Here are some questions to explore with your kid: Are they fired up by a certain topic? Do they shut down with a test but come alive when creating an e-portfolio? Are they a kid that needs a lot of accountability? Are video games distracting them? Would group math work help make it less boring?
Once you figure out how your child learns, you need to communicate to teachers that you want clearer expectations and goal posts for your kids.
Bandele McQueen, who has a 7- and 10-year-old in public schools in Washington, D.C., said he wants more direction from teachers and administrators on how to support his kids’ learning as well as their mental health during such a dramatic change in environment.
“You taught kids what the expectations are: get up, go to school, pay attention, follow the rules,” he said. “They get grades, and they use those to set goals.” But then kids stayed home, grades were put on hold and the game changed. No one explained the new paradigm — to parents or students.
“We have to keep kids safe and open the economy, but the thing that can’t be omitted is how to deliver quality education that kids will embrace,” said McQueen.
Ask for more feedback from teachers
We didn’t ask to be teaching assistants, but now we are. Quanshie Maxwell, a single mother of four — ages 12, 8, 5 and 2 — in Seattle, said the prospect of another year of home learning terrifies her. “I feel so alone,” she said. “I have to be the nurse and the P.E. teacher and the lunch lady and the teacher, and then I have to just be mom.”
Because parents are so underwater, they need to ask for more help from schools and teachers. It’s clear that online learning did not work for many families in the spring. Learning Heroes surveyed over 3,000 parents of public school students across the country between April 14-May 6, 2020, and found that only 33 percent of students had regular access to teachers, 15 percent of parents received personal guidance about how to support their child, and just 13 percent of students got one-on-one time with their teachers.
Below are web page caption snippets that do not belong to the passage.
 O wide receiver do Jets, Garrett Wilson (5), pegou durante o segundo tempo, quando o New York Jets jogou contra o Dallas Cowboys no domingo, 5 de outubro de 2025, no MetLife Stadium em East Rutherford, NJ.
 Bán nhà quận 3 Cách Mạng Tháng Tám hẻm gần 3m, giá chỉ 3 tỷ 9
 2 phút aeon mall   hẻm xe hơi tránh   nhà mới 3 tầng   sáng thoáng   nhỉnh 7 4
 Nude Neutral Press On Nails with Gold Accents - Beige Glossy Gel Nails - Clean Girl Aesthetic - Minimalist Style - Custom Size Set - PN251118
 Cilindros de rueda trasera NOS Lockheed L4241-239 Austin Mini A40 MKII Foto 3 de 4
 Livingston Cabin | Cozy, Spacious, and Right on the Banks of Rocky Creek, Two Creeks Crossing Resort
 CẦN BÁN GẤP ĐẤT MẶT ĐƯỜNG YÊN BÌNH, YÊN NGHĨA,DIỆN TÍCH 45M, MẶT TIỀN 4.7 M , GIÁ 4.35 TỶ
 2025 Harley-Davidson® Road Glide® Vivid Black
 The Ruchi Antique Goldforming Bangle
Families need more than that. Early on, one school district in Southern California provided a road map for how to make online learning effective for teachers and families alike. Throughout the spring, David Miyashiro, the superintendent of Cajon Valley Union School District held weekly Zoom meetings with P.T.A. heads and school staff to check in on how they were feeling — about distance learning, but also, about life — and to design a reopening plan together for the fall.
“It was almost like a therapy group for parents to vent and to have someone who is caring listen,” Miyashiro said. It was also useful data collection.
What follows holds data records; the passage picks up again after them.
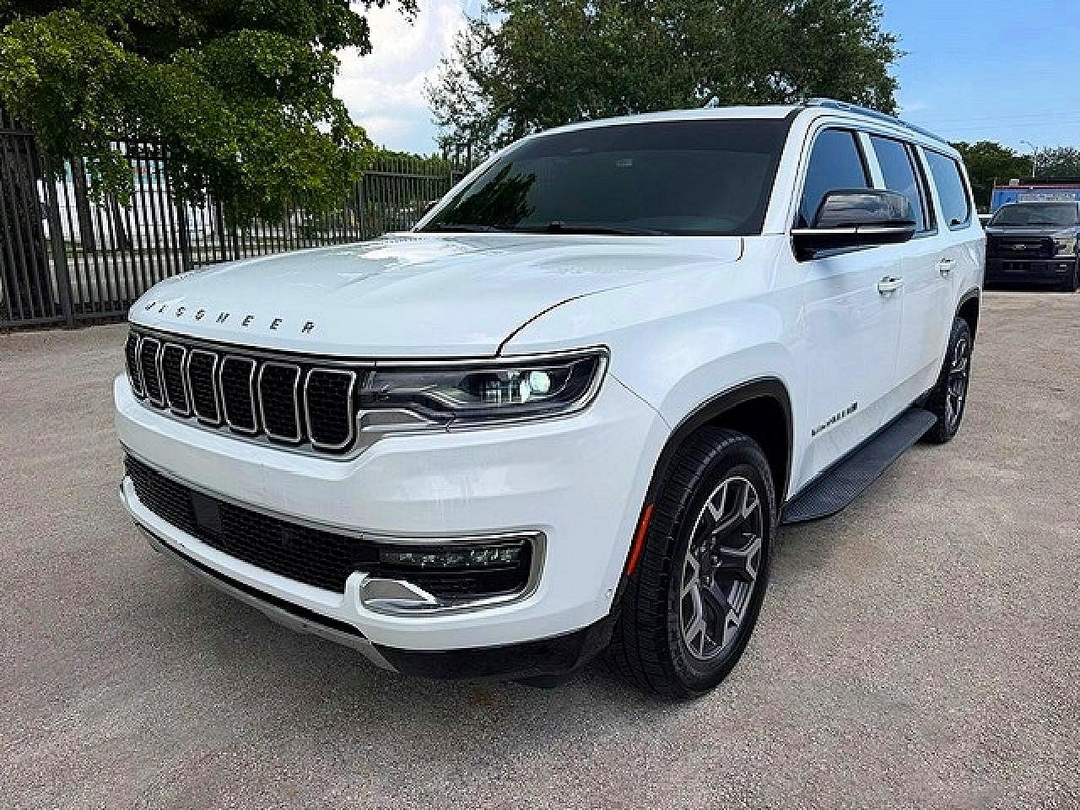 Vue de 2023 JEEP WAGONEER L SERIES III, angle 1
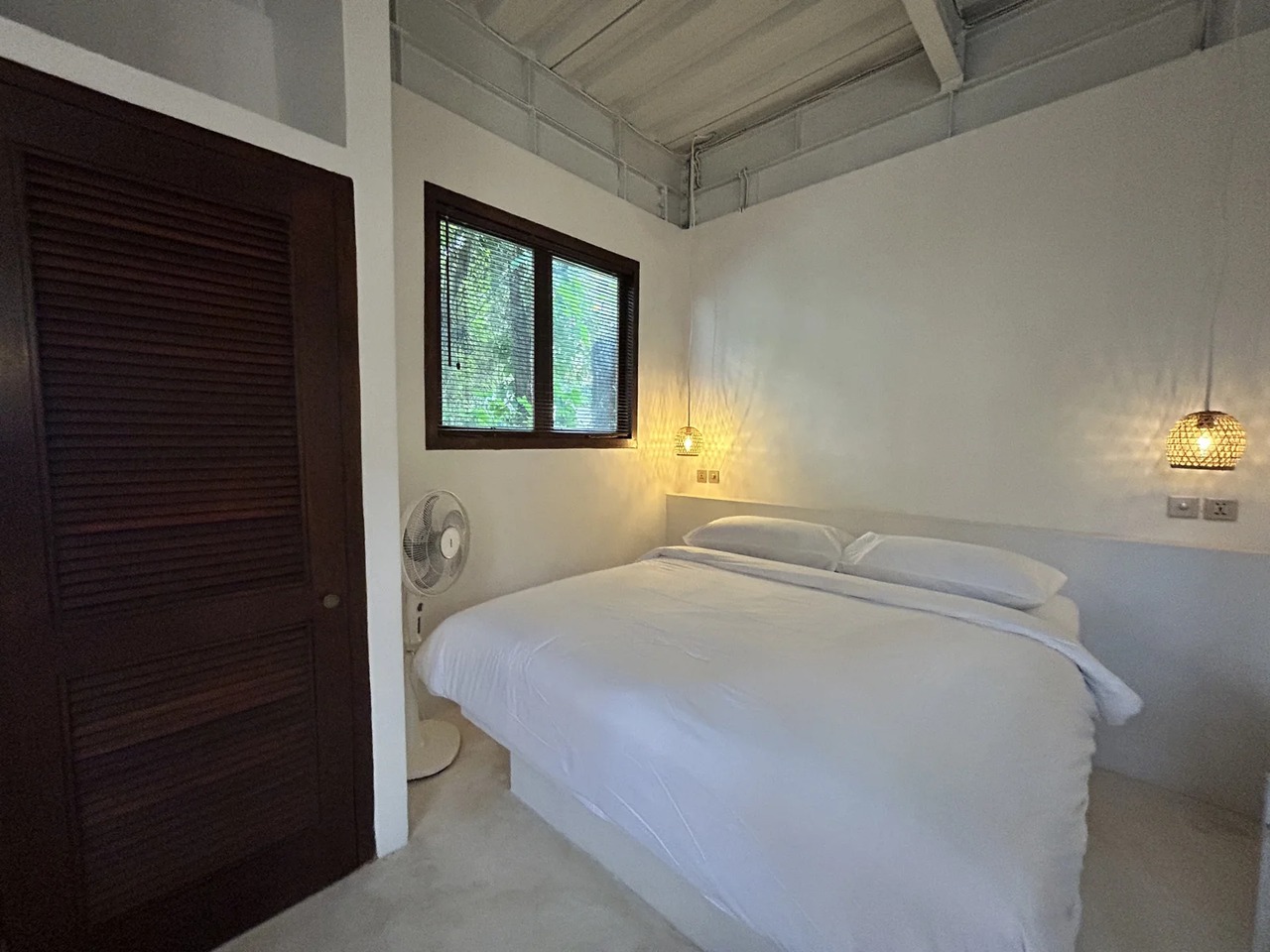 Minimalist Studio Apartment w/ Pool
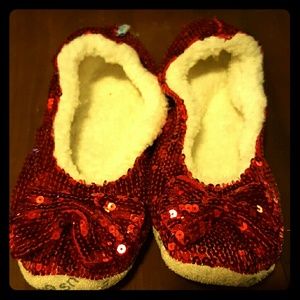 Fuzzy, Sequined Red slippers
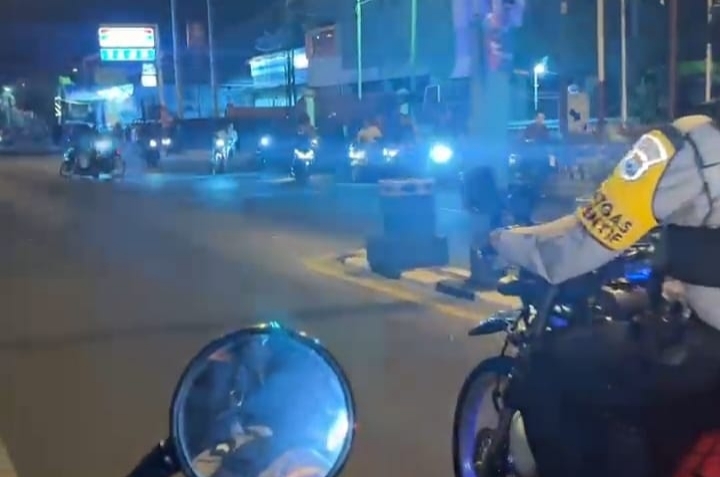 Ket Foto: Para muda mudi terlihat lari terbirit-birit usai mengetahui patroli kepolisian.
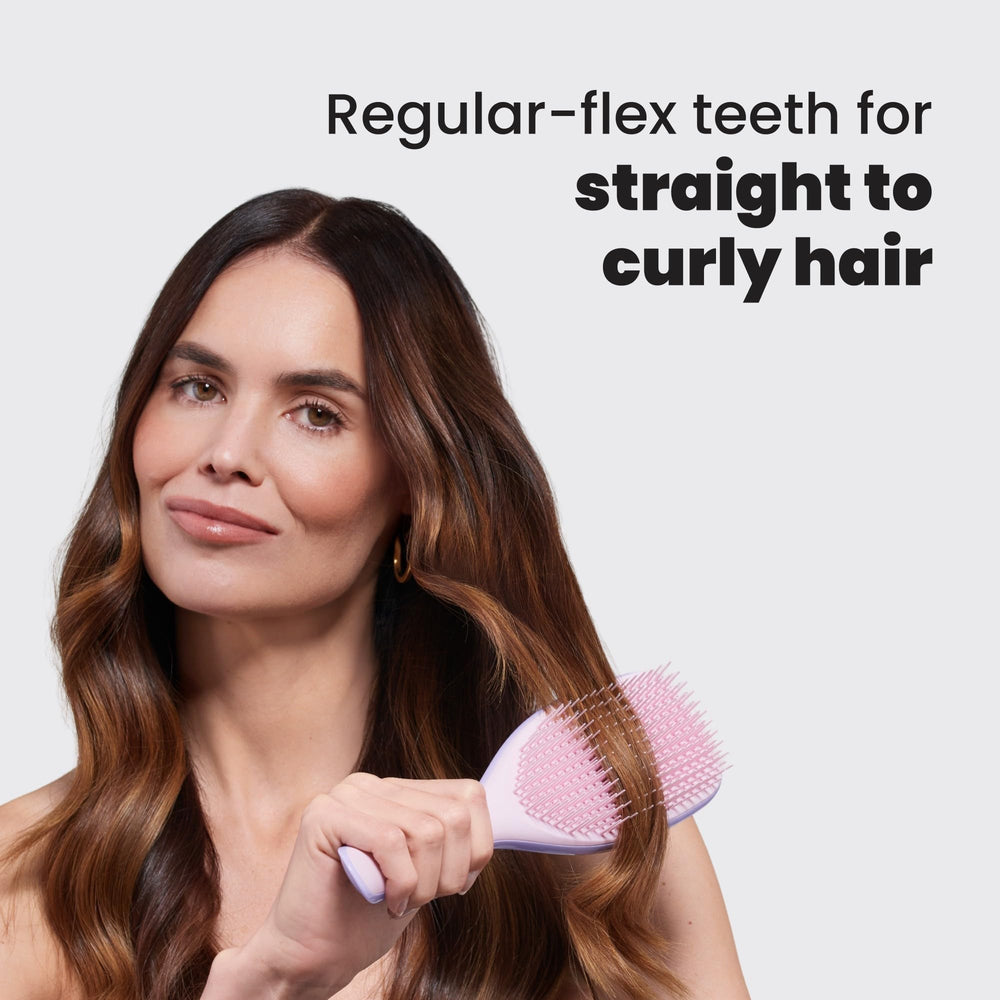 Dry hair use of Tangle Teezer Ultimate Detangler for smoothing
In July, when Gov. Gavin Newsom announced that most California schools would be remote-only, Cajon Valley, which had initially planned to offer parents four options, including in-person learning, was prepared for all possibilities because they had been checking in with their community.
In a letter to parents, the district announced that it would focus on the issues parents said were most important in those weekly Zoom meetings, including live teacher-led daily instruction, personalized lessons, an emphasis on state standards using district pacing guides, physical education lessons, graded assignments, daily attendance tracking, and, finally, teacher feedback on student progress.
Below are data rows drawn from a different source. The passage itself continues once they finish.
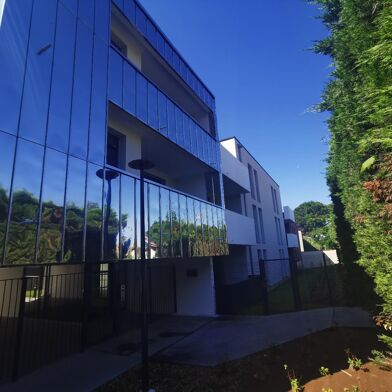 Appartement 3 pièces 830 €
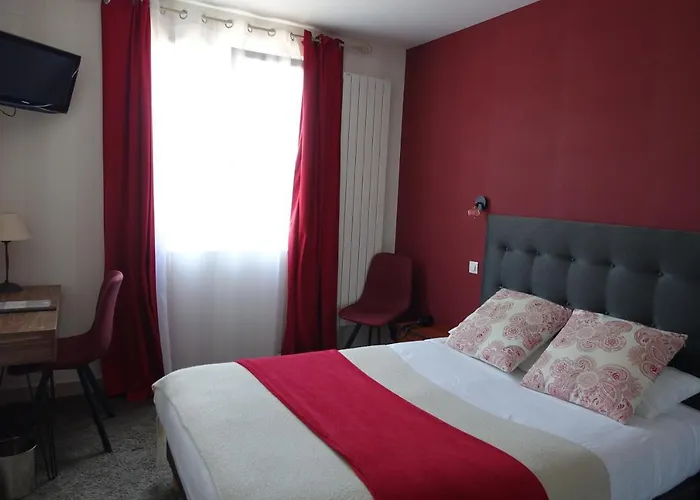 Hotel Logis Emeraude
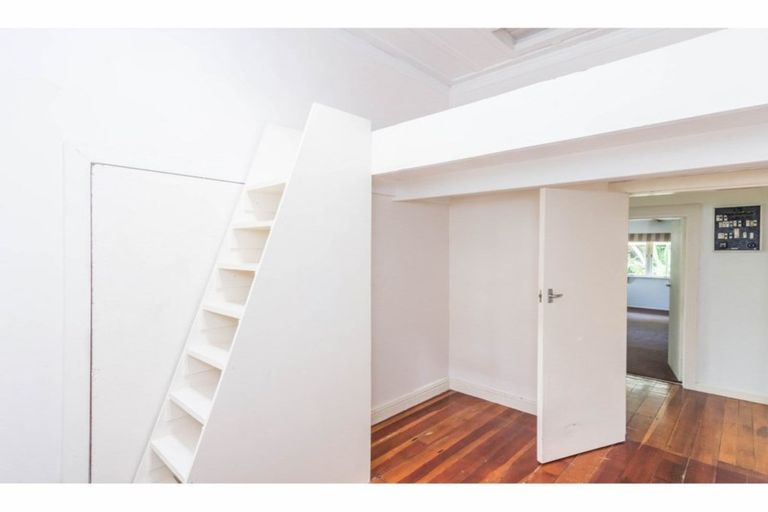 Photo of property in 17 Awaroa Road, Sunnyvale, Auckland, 0612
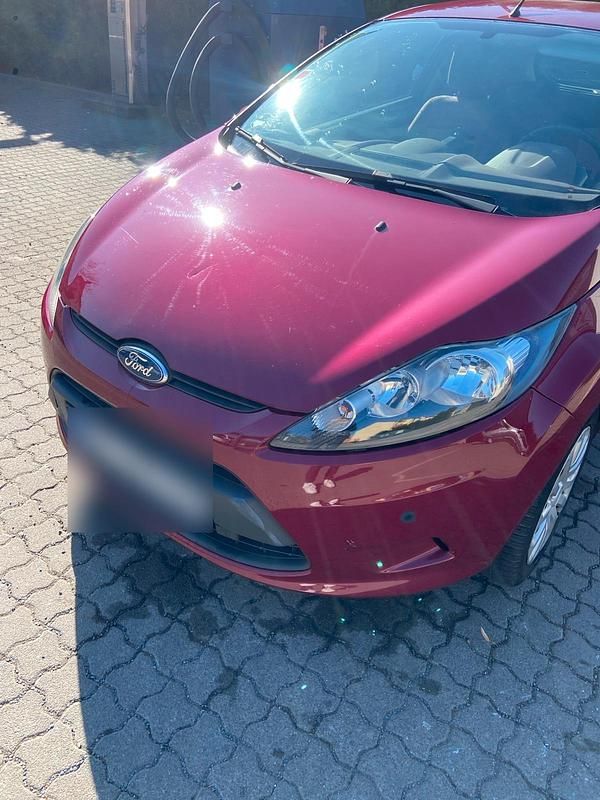 Gebraucht Ford Fiesta 60 PS (44 kW) 2009 Rot Kleinwagen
These are requests every parent can make: personalization, student accountability, and more feedback on where students are. But make sure that you remain kind and empathetic to your teachers as you ask for more. According to a Learning Heroes study from 2018, 71 percent of teachers report they are afraid to speak with parents about their children’s learning for fear they will be blamed for any bad news, and 51 percent also fear that parents will not believe them.
Since we all just experienced how hard it is to teach and motivate kids, let’s remember that teachers are doing this for up to 30 children, while many also have their own kids underfoot at home. They are overwhelmed, too. But with a little empathy and a commitment to our communities, we can get through this fall and beyond together.